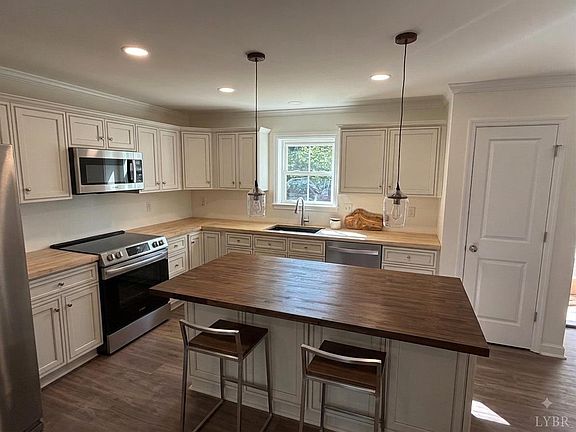 2nd image of 141 Reynolds Dr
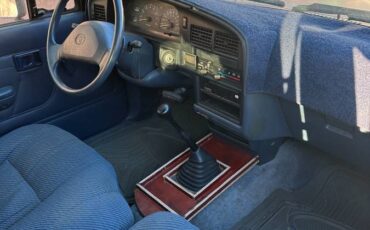 Toyota-pickup-1994-blue-5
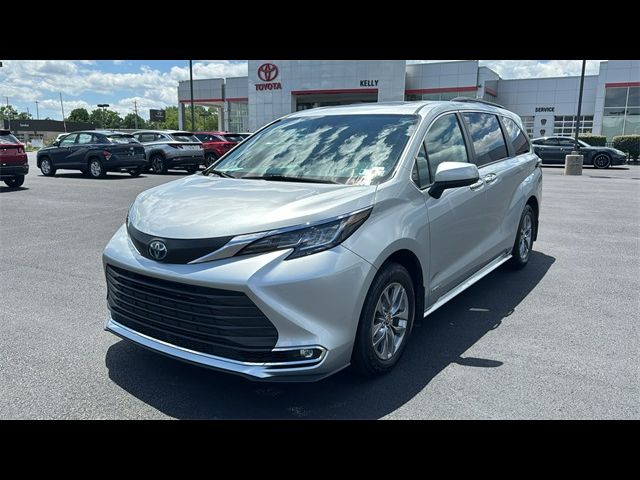 2021 Toyota Sienna XLE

************

• WHAT THE TASK REQUIRES
Output the data above exactly; pictures do not belong in the copy.

• ANSWER SECTION
 2nd image of 141 Reynolds Dr
 Toyota-pickup-1994-blue-5
 2021 Toyota Sienna XLE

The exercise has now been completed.